Scope and Content Note

American author and publisher Robert McAlmon (1896-1956) wrote ten letters to the publisher and magazine editor Edward Titus (born 1880) between 1928 and 1930, concerning several works that McAlmon hoped to distribute through Titus's bookstore.

McAlmon and Titus formed part of the network of modernist writers and publishers living and working in Paris in the 1920s and 1930s. In particular, McAlmon discussed at length the work of American author and illustrator Djuna Barnes (1892-1982), whose Ladies Almanack (1928) was central to their conversation. McAlmon also attempted to promote the work of his friend Ken Sato (1942-2004), specifically his 1928 translation of Saikaku Ihara's Quaint Stories of the Samurais and his novel The Yellow Jap Dogs . McAlmon referenced other books that he hoped to distribute, including Edwin Lanham's Sailors Don't Care (1929).

McAlmon also responded to Titus's requests to publish in This Quarterly and offered updates about his writing process, particularly his revised and expanded edition of Distinguished Air (1925). McAlmon discussed his struggles in the publishing world and finding commercial success, and in the later letters, he described the burgeoning publishing scene in America and his plans to publish in the new little magazines, including Richard Johns's Pagany .

Dates

  • Creation: 1928-1930

Creator

Language of Materials

Materials entirely in English.

Access Restrictions

The collection is open for research.

Terms Governing Use and Reproduction

Use of materials from this collection beyond the exceptions provided for in the Fair Use and Educational Use clauses of the U.S. Copyright Law may violate federal law. Permission to publish or reproduce is required from the copyright holder. Please contact Special Collections, University of Delaware Library, http://library.udel.edu/spec/askspec/

Robert McAlmon

American author and publisher Robert McAlmon (1896-1956) was a central figure in the expatriate art community in France during the 1920s and 1930s. His network of authors and publishers was instrumental in the publication and distribution of many modernist classics, including William Carlos Williams's Spring and All (1923), Ernest Hemingway's Three Stories and Ten Poems (1923) and Djuna Barnes's Ladies Almanack (1928).
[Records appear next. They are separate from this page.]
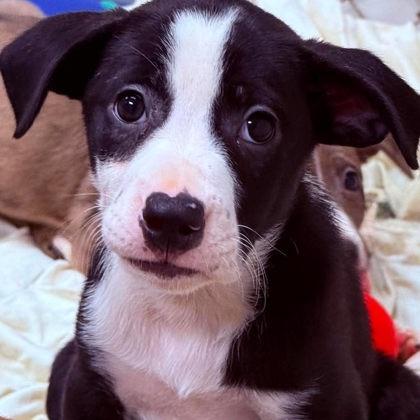 Ketchup, a Adoptable mixed breed in North Charleston, SC image 6/6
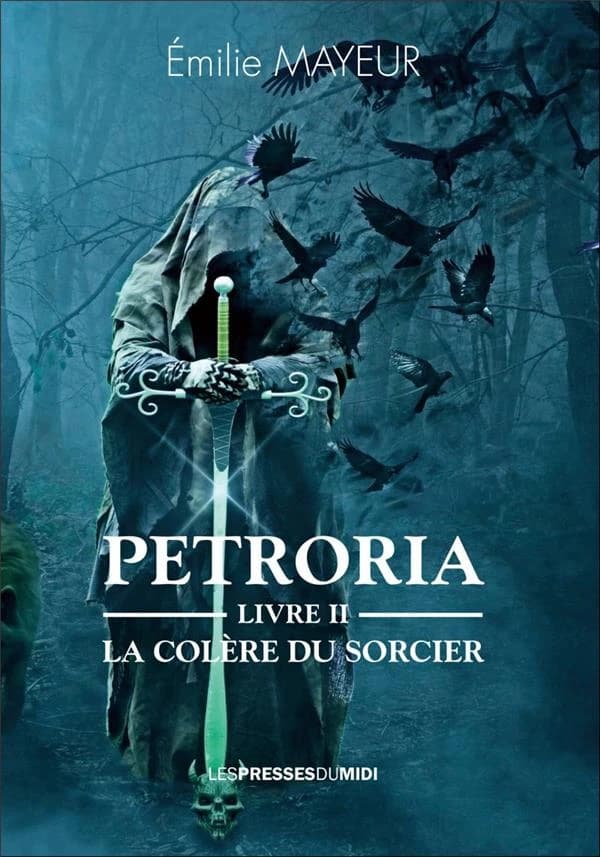 Petroria : livre 2 : la colere du sorcier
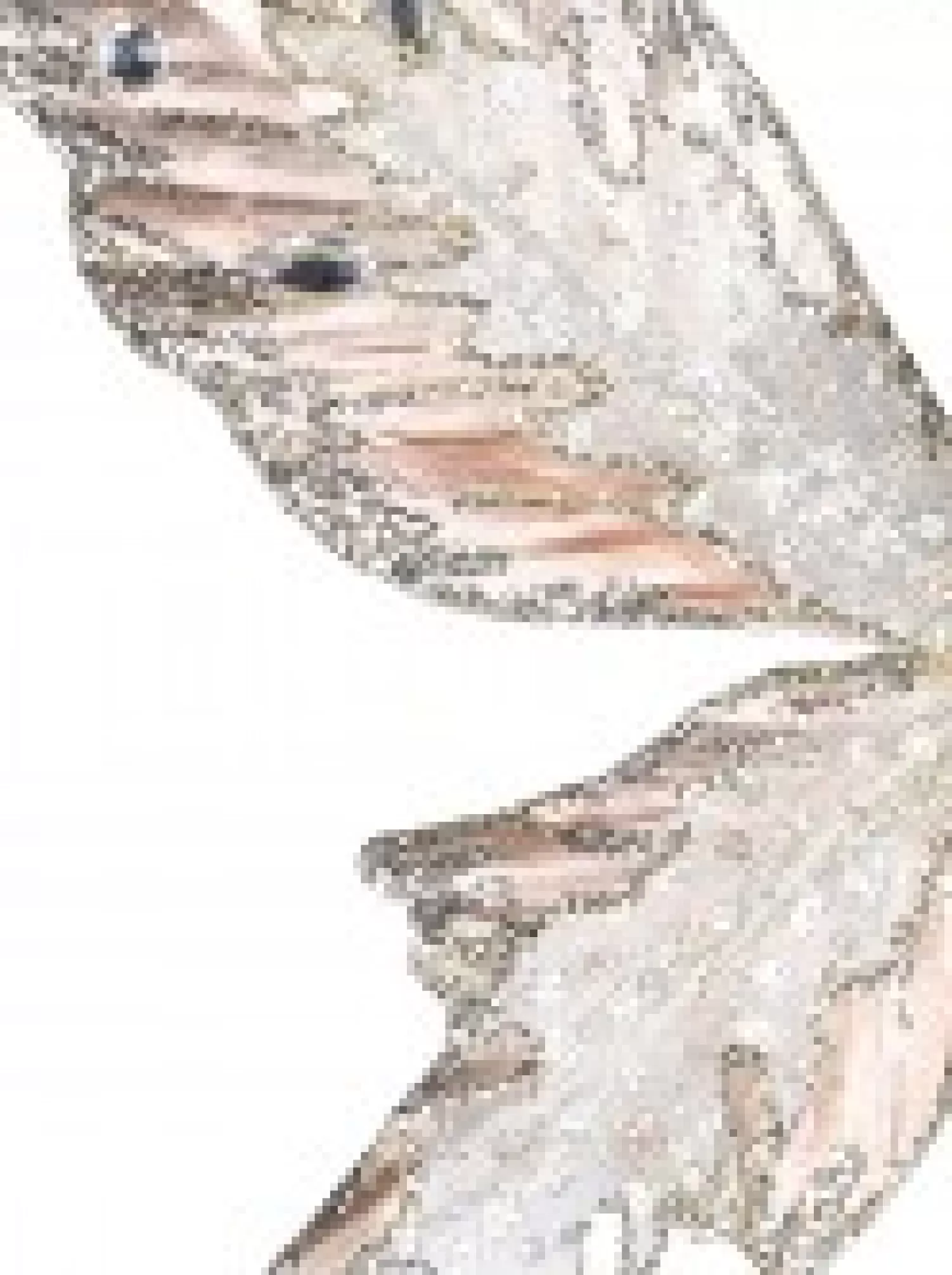 Christmas Warehouse Rose Gold Butterfly With Sheer Wings Decorative Christmas Critter Pick - 24Cm> Christmas Picks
Shortly after establishing himself in Greenwich Village, Robert McAlmon began working with William Carlos Williams on the short-lived Contact magazine, publishing poets Ezra Pound, H. D., and Kay Boyle, among others. He married H. D.'s then-lover, Bryher (Annie Winifred Ellerman), before departing together for Europe. In France, he created the Contact Publishing Company, which specialized in modernist works deemed too controversial for the mainstream commercial market.

Throughout the 1920s, he continued to publish his own work, including the collection of short stories, Distinguished Air (1925). Despite a downturn in his career, he remained in Europe during the 1930s with exception of short trips to the United States and Mexico. In 1940, he was able to escape German-occupied France and return to the United States, where he worked at his brother's surgical supply company until he retired in 1951. His early years as a writer are chronicled in his autobiography, Being Geniuses Together , which was revised with additional chapters by Kay Boyle in 1968.

Cisco, Michael. "Robert McAlmon." Contemporary Authors Online (reproduced in Gale Biography In Context). http://ic.galegroup.com (accessed September 2014).Smoller, Sanford J. "McAlmon, Robert Menzies." American National Biography Online. February 2000. http://www.anb.org/articles/16/16-02131.html (accessed September 2014).

Edward Titus

Edward Titus (born 1880) owned and operated the Black Manikin Press and a rare bookstore, At the Sign of the Black Manikin, in Paris that attracted many American expatriate authors as well as distributed their works.

In 1929, he became the editor of This Quarter , a little magazine known for publishing innovative modernist literature, including work by Ezra Pound, Ernest Hemingway, and Kay Boyle. Under his guidance, the magazine became relatively more conservative with an emphasis on prize-winning poems.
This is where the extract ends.